Does this award mean more scholarship funds will be available? Does your spot on some top ten list mean the research projects students can participate in will be more prestigious, which will look great for a student’s future career?
Lesson #2: Awards, accomplishments, and accolades may or may not be fresh content for your target audience. Keep the 80/20 rule: 80 percent of content should be all about serving your audience’s needs and use the remaining 20 percent to call them to action or talk about your school.
Fresh Content Trait 3: It answers questions your audience is asking right now.
When a prospective student or parent goes to the internet, they’re going there to ask specific questions.
Search engines are designed to help users find answers to the questions (a.k.a. “search terms”) they type in.
If you publish content frequently that answers the questions your audience has, search engines like Google will help them find you.
And when they find you, your content will be fresh and engaging because it is answering a question they currently have.
Content is fresh or stale based on how current the question is.
A timely answer is not an answer that’s new — it’s an answer the questioner has just found to their latest question.
Like a kid who’s just discovered how cool Back to the Future movies are, the answer may be in reality old news.
But for them, it’s going to be brand new information.
Lesson #3: Answering current questions your audience has will make your school website content fresh and engaging.
Fresh Content Trait 4: Fresh school website content resonates emotionally.
People do not choose schools logically. If they did, they’d all choose your school, right?
Or, they’d all choose the most economical option they could find. But fortunately for them and for you, prospective students do not approach their decision this way.
Prospective students choose to enrol primarily because the education brand sparks an emotional response in them.
Then, they back up their gut choice with facts that support what they already decided they wanted. This is when information on financial aid, career development, and administrative details become critical.
But until the prospective student has made the emotional decision to enrol, those facts have little value for your audience.
To keep your school website content fresh, publish content that resonates with their emotions.

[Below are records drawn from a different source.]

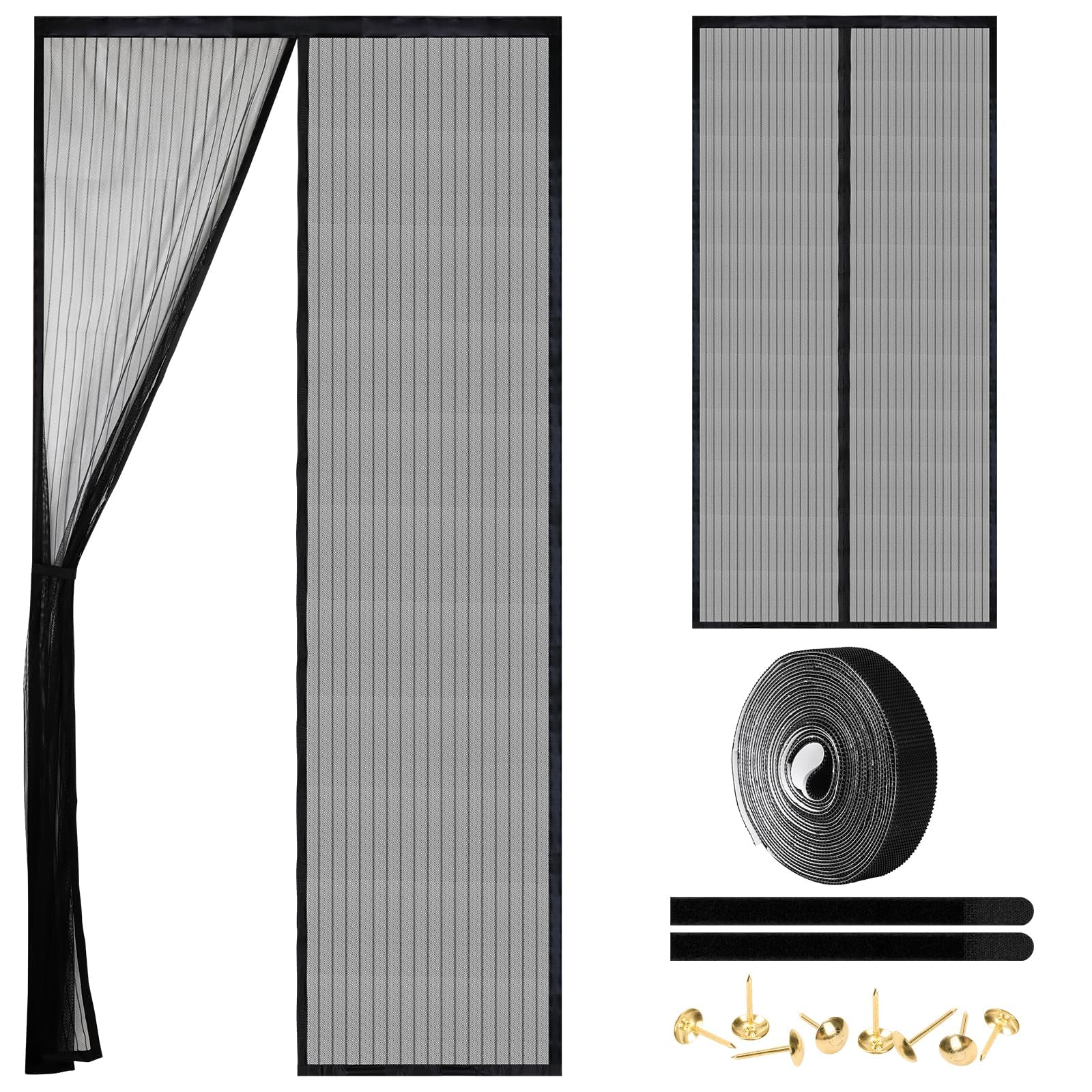 Photo 1 of Magnetic Screen Door - Self Sealing, Heavy Duty, Hands Free Mesh Partition Keeps Bugs Out Let Breeze in- Pet and Kid Friendly - Keep Open Feature (Black, Fit Door Size 39 x 82 Inch)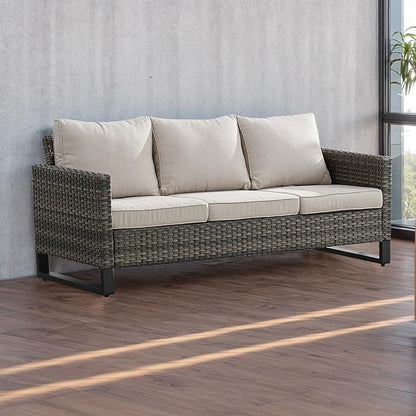 Rilyson Wicker Outdoor Couch Patio Sofa - 3 Seater Rattan Outdoor Patio Couch with Waterproof Wicker,Comfortable Cushions and Sturdy Metal Frame for Outside Porch Deck Backyard(Mixed Grey/Beige)
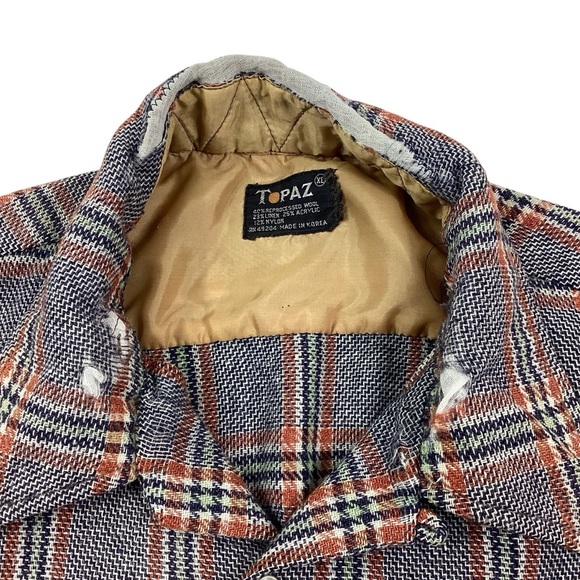 Vintage Topaz wool plaid short sleeve button front flannel - Picture 5 of 6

Feature student stories with which your audience will identify.
Write more about the challenges, fears, and dreams your audience has before introducing a program or initiative that would address those concerns.
Publish photos and videos with imagery that inspires your audience.

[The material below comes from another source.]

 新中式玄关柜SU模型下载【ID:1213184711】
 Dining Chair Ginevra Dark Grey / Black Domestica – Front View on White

Use website design techniques that engage your audience aesthetically and compel them to action.
Lesson #4: Fresh content resonates emotionally with your audience, so don’t be afraid to dive into the emotional reasons that are bringing your audience to your school website.

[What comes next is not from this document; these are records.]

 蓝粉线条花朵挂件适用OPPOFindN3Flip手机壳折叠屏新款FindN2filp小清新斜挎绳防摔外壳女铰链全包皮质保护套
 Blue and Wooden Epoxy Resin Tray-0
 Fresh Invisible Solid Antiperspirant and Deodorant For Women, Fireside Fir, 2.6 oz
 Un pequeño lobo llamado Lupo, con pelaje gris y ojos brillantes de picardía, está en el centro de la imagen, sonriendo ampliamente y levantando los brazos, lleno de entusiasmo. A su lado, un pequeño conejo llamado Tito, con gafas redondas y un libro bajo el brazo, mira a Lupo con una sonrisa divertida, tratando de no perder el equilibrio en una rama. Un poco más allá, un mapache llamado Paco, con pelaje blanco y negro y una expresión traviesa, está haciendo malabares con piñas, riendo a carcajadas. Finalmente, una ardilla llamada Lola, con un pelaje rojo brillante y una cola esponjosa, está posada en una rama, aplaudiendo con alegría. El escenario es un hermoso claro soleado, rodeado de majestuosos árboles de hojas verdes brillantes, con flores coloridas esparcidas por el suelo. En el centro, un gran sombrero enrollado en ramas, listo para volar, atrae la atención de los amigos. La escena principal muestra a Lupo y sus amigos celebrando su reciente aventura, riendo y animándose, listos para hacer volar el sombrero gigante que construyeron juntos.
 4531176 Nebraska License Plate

School websites built to perform
It’s tempting to throw every new piece of information onto your website. Google favours updated websites, and creating fresh, engaging content can drain resources, so why not?
Because you need your website to perform.
School websites do not exist to win awards, post the latest news, or sport the latest in Internet technology. (Although they can certainly do all of those things!)
School websites exist to fill your enrolment pipeline with qualified prospective student and parent leads and to communicate the overall brand of the school.
Therefore, all content you create and publish to your school’s website should focus on both attracting and converting the target audience into believers in the brand, and in turn, full-time students at your school.
Resist the temptation to publish an announcement just because it’s a new piece of information.